You don’t have to be a death penalty opponent to feel disturbed by a system that lets the judge play executioner.
But that’s essentially what happened to Amber McLaughlin, who was put to death last night by the state of Missouri. Though the headlines blared that McLaughlin was the first transgender woman to be executed in the US, far more significant—and outrageous—is that a trial judge in St. Louis unilaterally decided her fate, making a mockery of the judicial system.
In 2006, a jury convicted McLaughlin—then known as Scott McLaughlin—of murder, but deadlocked on the penalty. Under Missouri law, a judge is allowed to render a sentence when there’s a hung jury—which is how St. Louis County circuit judge Steven Goldman came to impose the ultimate penalty on McLaughlin.
But before I go on, let me make one point perfectly clear: McLaughlin committed a horrendous crime. In 2003, McLaughlin raped, strangled, and knifed her ex-girlfriend Beverly Guenther to death, then dumped her body near the Mississippi River.
Though McLaughlin’s defenders have cited her low IQ of 82, history of childhood abuse, and poor defense at trial as extenuating circumstances, there’s no doubt the victim suffered terribly. On a gut level, I find it hard to be that sympathetic to McLaughlin.
Yet in so many ways, McLaughlin’s death sentence and execution strike me as a travesty of justice. Among the 27 states with death penalties, the vast majority require a unanimous jury vote to impose the death penalty.
But somehow Missouri, along with Indiana, are the outliers, bestowing this colossal power when a jury is undecided at sentencing to one person: the trial judge.
Indeed, it’s hard to fathom why a trial judge or any one person should be given such power. Isn’t it a perversion of the jury system—our fundamental right to be judged by our peers—that a judge can usurp the proceedings?
Particularly so in McLaughlin’s case since the jurors seemed to have wrestled mightily with the charges and showed deep reluctance about imposing the death penalty.
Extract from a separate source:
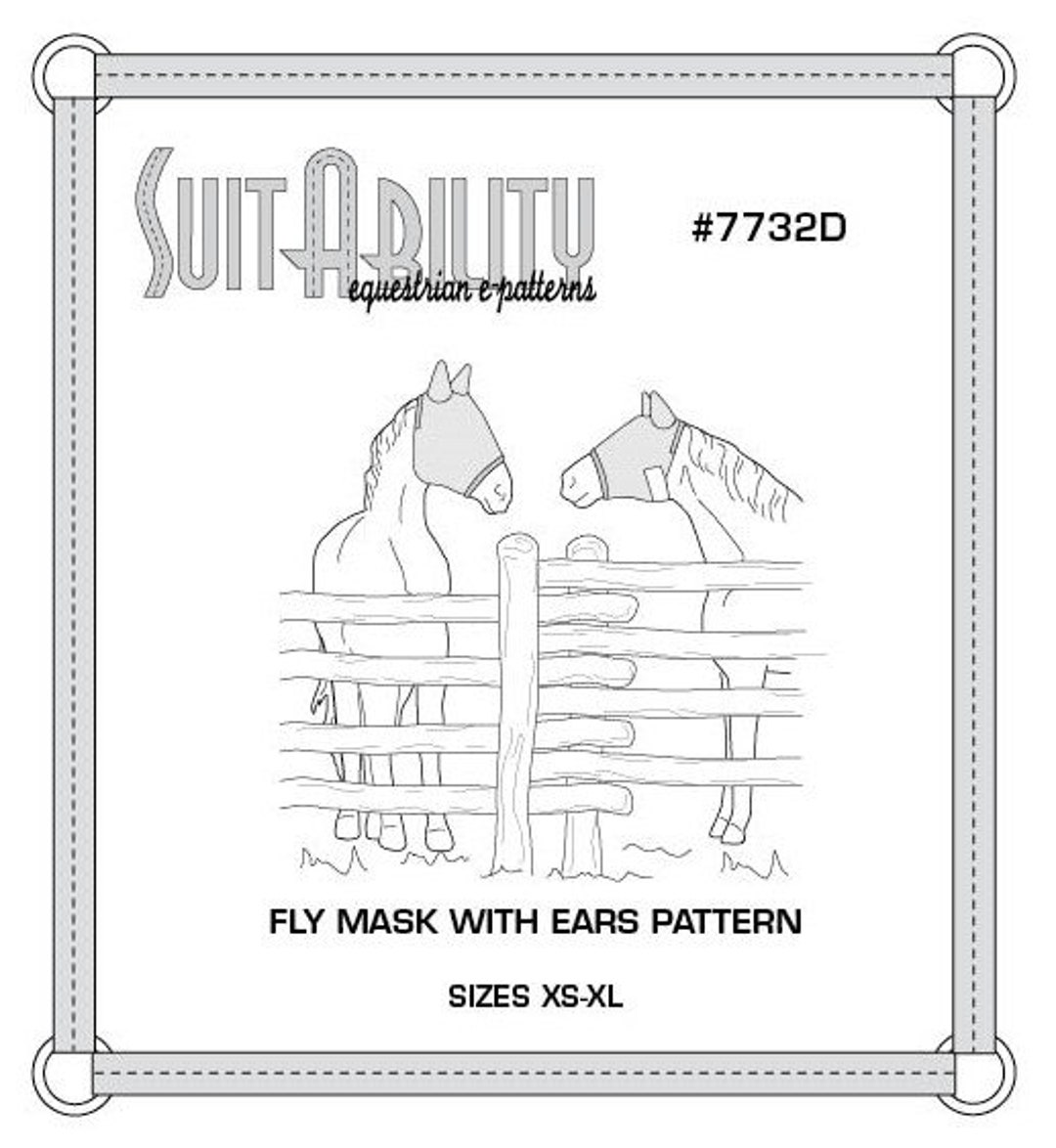 PDF Fly Mask With Ears Pattern - Etsy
Yet we have a judge who seemed cocksure of himself, eagerly filling in blanks with bold pronouncements in instances where the jurors saw nuance and complexity.
“The only aggravating circumstance [the jury] found was ‘depravity of mind,’ and so I found that also, and I just elaborated with what the jury said,” Judge Goldman, now retired, told the St. Louis Post-Dispatch recently, adding, “I believe in the death penalty.”
‘End-Run Around a Jury’
Goldman, a former prosecutor, also helped draft the law that gave judges the right to decide punishment in death penalty cases in situations of jury deadlock, reports the Post-Dispatch.
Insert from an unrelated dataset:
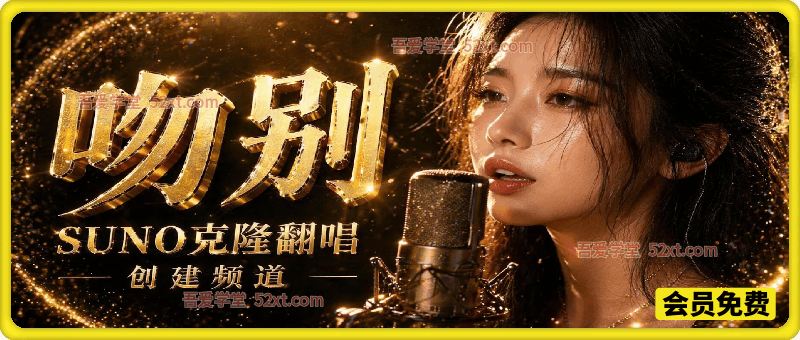 Suno翻唱《吻别》真实人声克隆翻唱，从声线克隆到情绪强化，解锁AI音乐变现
Several retired Missouri judges were so troubled by the state law and Goldman’s action that they raised alarms. Led by former Missouri Supreme Court Chief Justice Michael Wolff, they wrote to Gov. Mike Parson last month, asking that he commute McLaughlin’s sentence to life in prison.
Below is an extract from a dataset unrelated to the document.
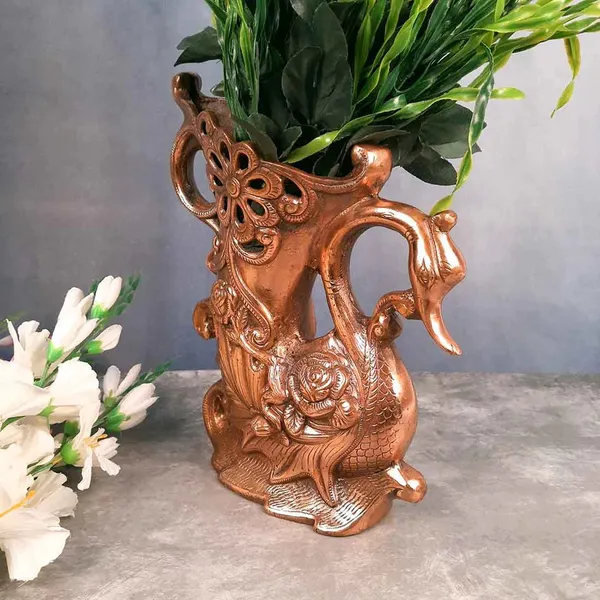 Aluminium_Copper_Cutwork_Paisley_Peacock_Figurine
Citing “a flaw in Missouri’s capital sentencing scheme” that gives a trial judge the ability to impose capital punishment in cases of jury deadlocks, the judges wrote: “This flaw is more pronounced in this case because the trial judge then relied upon aggravating circumstances specifically rejected by the jury. ... The trial judge did a complete end-run around a jury, where Mr. McLaughlin’s attorneys had persuaded at least one and maybe 11 jurors that death was not appropriate.”
Let that sink in: “a complete end-run around a jury.”
It was a serious indictment—not that Gov. Parson seemed to heed the warning, considering that he denied the stay of execution.
If there’s one thing we should take away from this whole sorry episode it’s that judges shouldn’t be allowed to nullify a jury and hijack our system of justice.